* **About this task**:
All entries are to be quoted exactly; the images stay out of the copy.

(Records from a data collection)

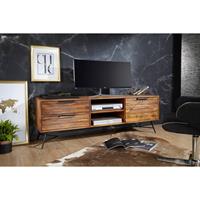 Design Hifi-Lowboard Sheesham Massiv Holz, mit Stauraum und Schubladen B/H/T ca. 160/54/40cm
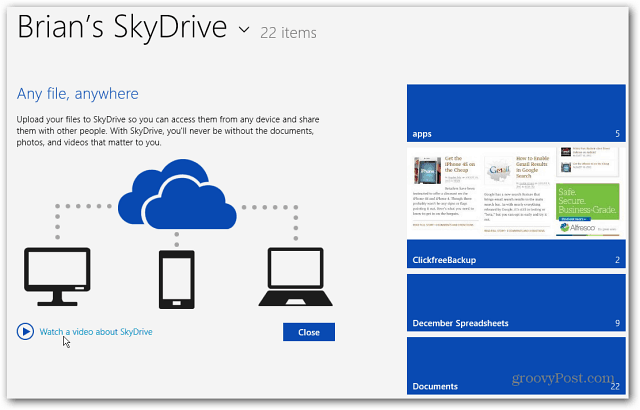 Ny SkyDrive-startskærm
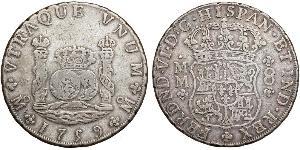 8 Real Vicereame della Nuova Spagna (1519 - 1821) Argento Ferdinando VI di Spagna (1713-1759)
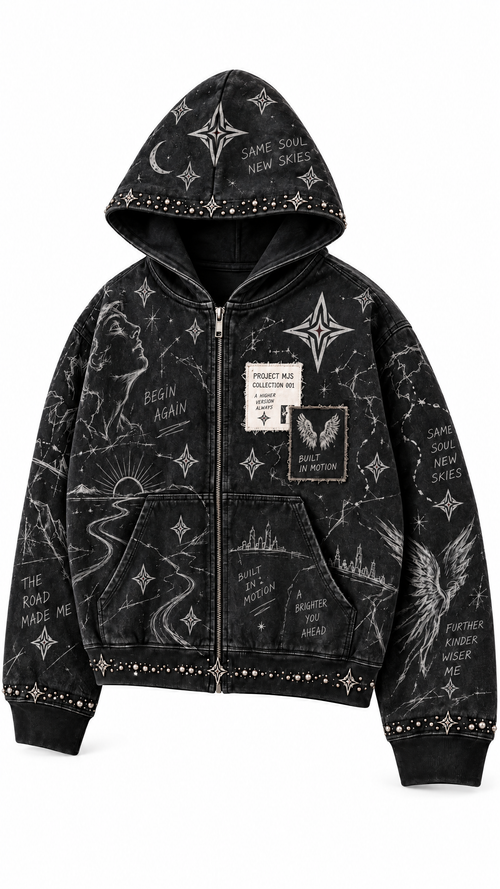 Project MJS Rhinestone Hoodie three-quarter view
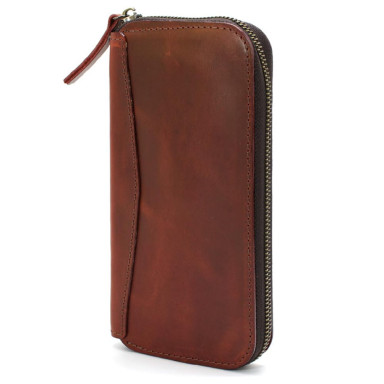 Leather clutch wallet with zipper TARWA RR-711-3md burgundy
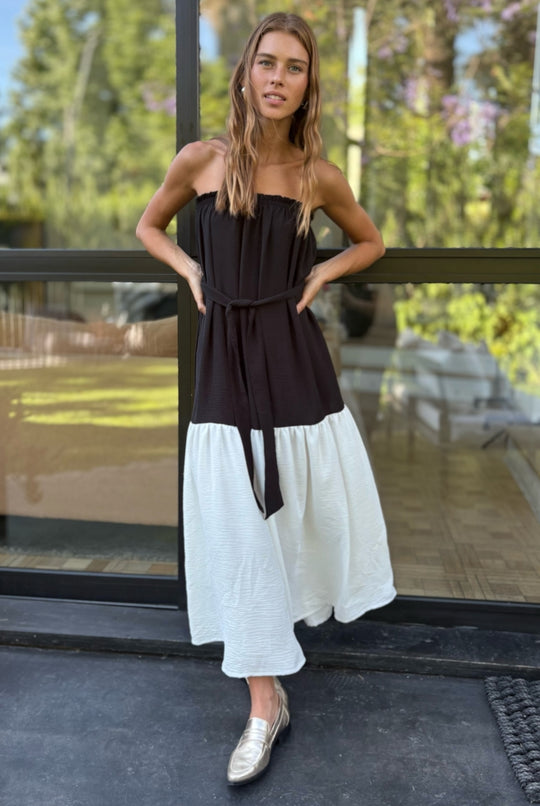 Vestido Luna Strapless BLACK/WHITE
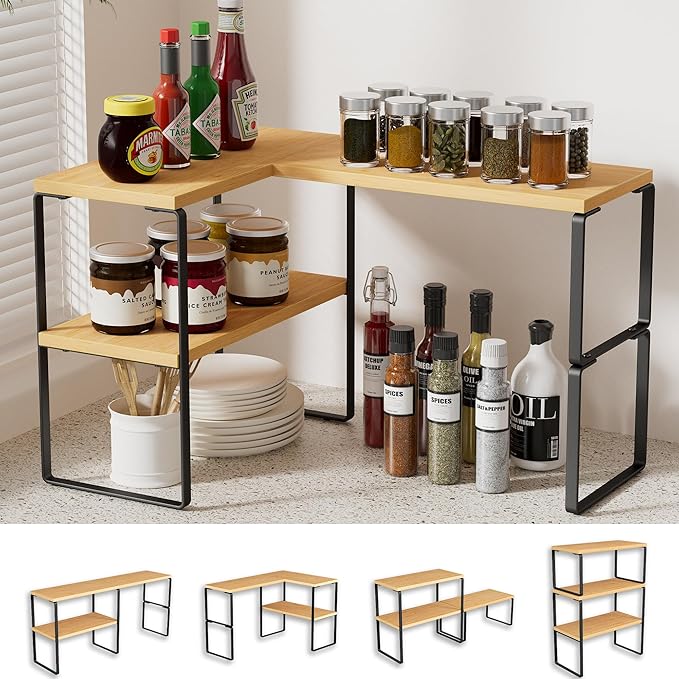 Golener Countertop Organizer Corner Shelf, 2-Tier Adjustable Stackable Corner Shelves for Kitchen, Spice Rack, Coffee Area, Over Sink, Bathroom, Dresser Table, Corner Counter Shelf Stand, Bamboo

* **Task result**:
 Design Hifi-Lowboard Sheesham Massiv Holz, mit Stauraum und Schubladen B/H/T ca. 160/54/40cm
 Ny SkyDrive-startskærm
 8 Real Vicereame della Nuova Spagna (1519 - 1821) Argento Ferdinando VI di Spagna (1713-1759)
 Project MJS Rhinestone Hoodie three-quarter view
 Leather clutch wallet with zipper TARWA RR-711-3md burgundy
 Vestido Luna Strapless BLACK/WHITE
 Golener Countertop Organizer Corner Shelf, 2-Tier Adjustable Stackable Corner Shelves for Kitchen, Spice Rack, Coffee Area, Over Sink, Bathroom, Dresser Table, Corner Counter Shelf Stand, Bamboo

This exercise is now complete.